── DATA TO USE ──
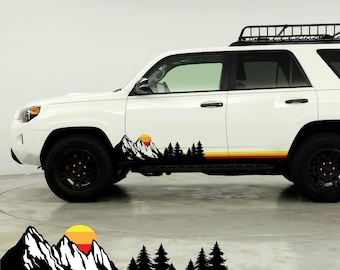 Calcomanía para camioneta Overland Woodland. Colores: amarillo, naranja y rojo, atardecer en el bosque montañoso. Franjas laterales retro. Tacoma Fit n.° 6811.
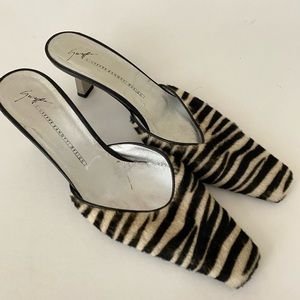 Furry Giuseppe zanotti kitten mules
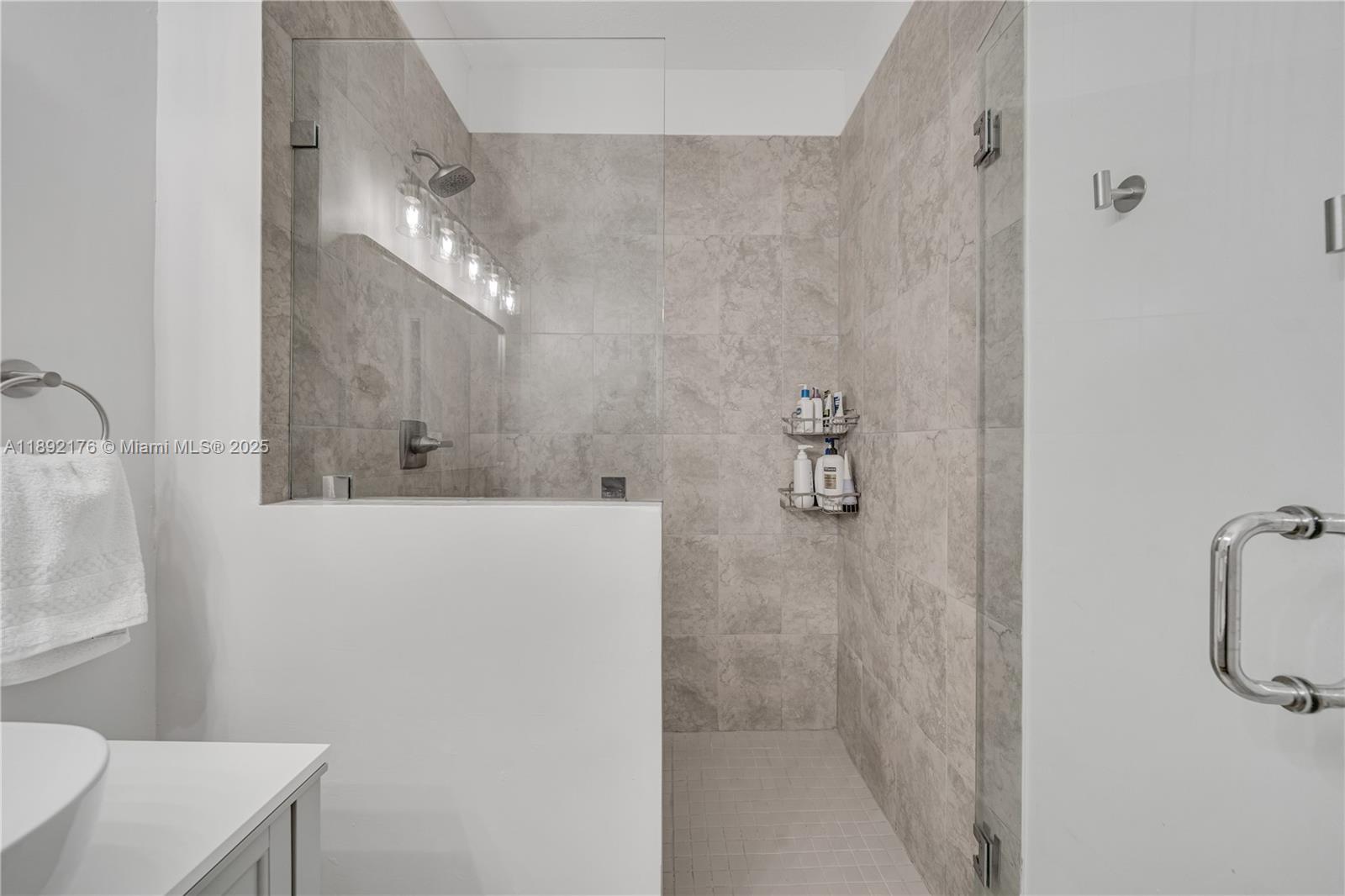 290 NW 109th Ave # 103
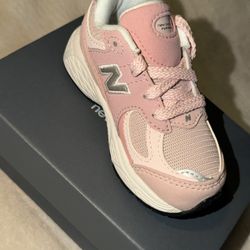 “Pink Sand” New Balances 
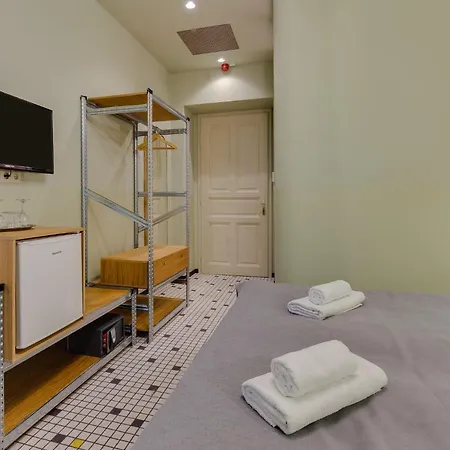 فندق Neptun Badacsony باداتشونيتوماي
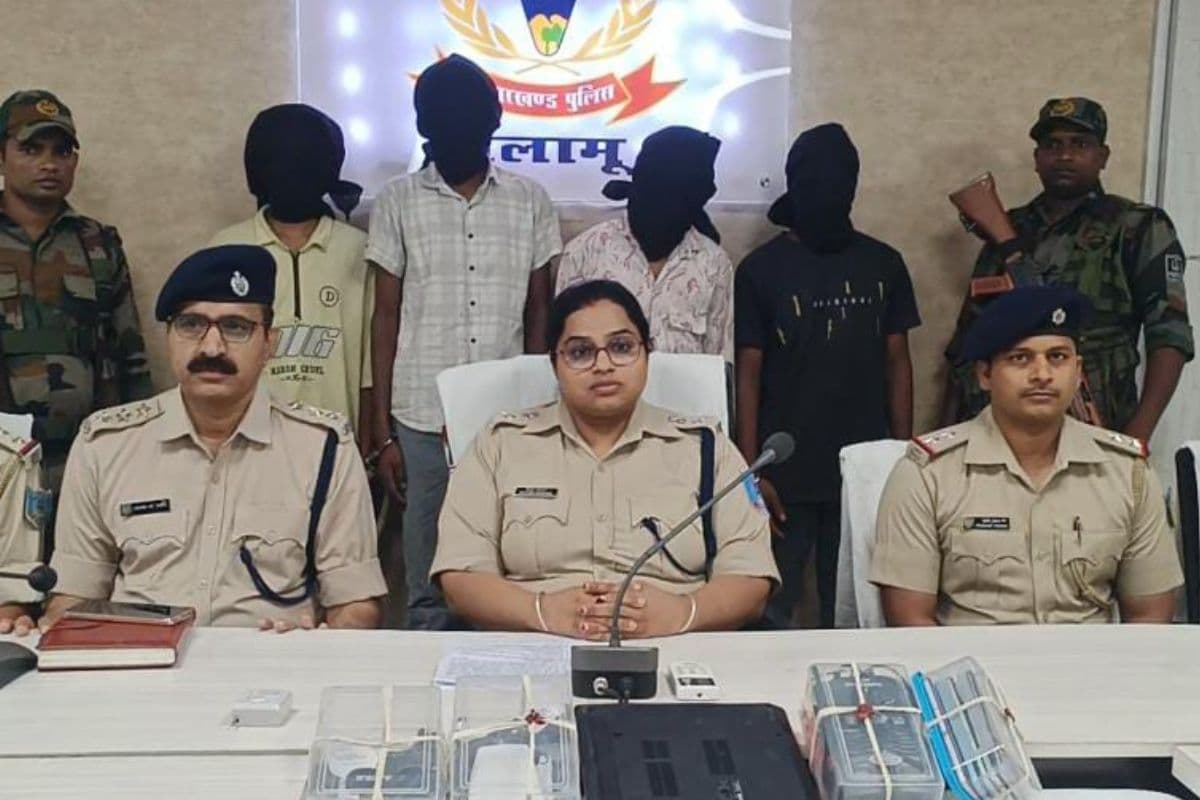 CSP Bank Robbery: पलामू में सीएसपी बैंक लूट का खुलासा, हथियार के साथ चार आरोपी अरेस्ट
───
| TASK ITEM |
What you return should be the exact lines from the one containing "Furry Giuseppe zanotti kitten mules" through the end of the listing above, both included, minus any pictures.

| YOUR SOLUTION |
 Furry Giuseppe zanotti kitten mules
 290 NW 109th Ave # 103
 “Pink Sand” New Balances 
 فندق Neptun Badacsony باداتشونيتوماي
 CSP Bank Robbery: पलामू में सीएसपी बैंक लूट का खुलासा, हथियार के साथ चार आरोपी अरेस्ट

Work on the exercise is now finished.